Well worth owning. Recommended.

5 of 7 people found the following review helpful.
Probably the best of its kind
By Gogol
Hourani and Hitti have always been the darlings of modern Western (American at least) thought on the Middle East and while Hitti may cloud much of what he writes with a bizzare form of Lebanese nationalism that is equally as far fetched as Turkish, Arab, Persian and Slav nationalism that have done little but bring misery to those nations. Hourani on the other hand is a little more down to earth and while this book may have its faults until someone else comes out with better it remains the best of its kind.

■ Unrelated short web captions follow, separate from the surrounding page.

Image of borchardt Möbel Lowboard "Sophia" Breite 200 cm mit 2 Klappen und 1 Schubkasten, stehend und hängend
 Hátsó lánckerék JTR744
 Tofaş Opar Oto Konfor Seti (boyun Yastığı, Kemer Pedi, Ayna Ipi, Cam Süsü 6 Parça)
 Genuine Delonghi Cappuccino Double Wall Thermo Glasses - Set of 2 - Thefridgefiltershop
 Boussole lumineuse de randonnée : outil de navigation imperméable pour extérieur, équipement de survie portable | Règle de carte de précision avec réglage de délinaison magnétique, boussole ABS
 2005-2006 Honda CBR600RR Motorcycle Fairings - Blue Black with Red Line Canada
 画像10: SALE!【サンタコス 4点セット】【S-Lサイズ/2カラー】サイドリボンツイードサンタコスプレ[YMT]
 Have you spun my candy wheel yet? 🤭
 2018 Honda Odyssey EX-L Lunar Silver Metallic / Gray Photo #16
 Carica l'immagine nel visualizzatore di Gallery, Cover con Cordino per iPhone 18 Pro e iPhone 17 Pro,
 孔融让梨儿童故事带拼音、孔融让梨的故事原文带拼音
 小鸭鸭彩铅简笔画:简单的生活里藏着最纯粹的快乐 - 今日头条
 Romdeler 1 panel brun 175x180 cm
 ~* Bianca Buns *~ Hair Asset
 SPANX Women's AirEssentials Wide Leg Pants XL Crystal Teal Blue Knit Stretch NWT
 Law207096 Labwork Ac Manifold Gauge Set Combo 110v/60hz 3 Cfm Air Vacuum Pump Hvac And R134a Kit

The book covers the history of Arab reform in the latter part of the Ottoman Empire, I have no idea what point a previous reviewer was trying to make about the Portuguese conquest of parts of Moghul India (he seems to have failed to point out the Portugues also had colonies in present day Morocco and Muslim East Africa also) as around the same time the Ottomans (who he wrongly calls a 'Turkish' empire) had conqured much of Eastern Europe and their Tatar allies much of Russia. If only Americans would stop to look beyond their own narrow history and even give a glance to Europes history.

Hourani points out the foundations of the Arab nationalist movement were from to some extent a Christian background and how the teachings of Islamist reformers such as Afghani and Abduh (formerly a darling of the Ottoman Caliphs) became one and the same with the ideas of pan-Arabism and Arab nationalism.

Hourani gives extensive detail into the lives of Afghani and especially Abduh and just where they took much of their inspiration from. One fault I do feel I have with this book is he covers little of the the structure of the Ottoman empire that the myth of Arabs being some kind of 'colonised people' is just a complete nonsense and that the roots of Arab nationalism are far more complex than that. The book however does give some insight and does act as a useful introduction to modern Middle Easter thought. I would definately recomend this book to anyone who realy is serious about wanting to know about the roots of some of the modern conflicts in the Middle East.

Not the be and and end all but without doubt a very good place to start.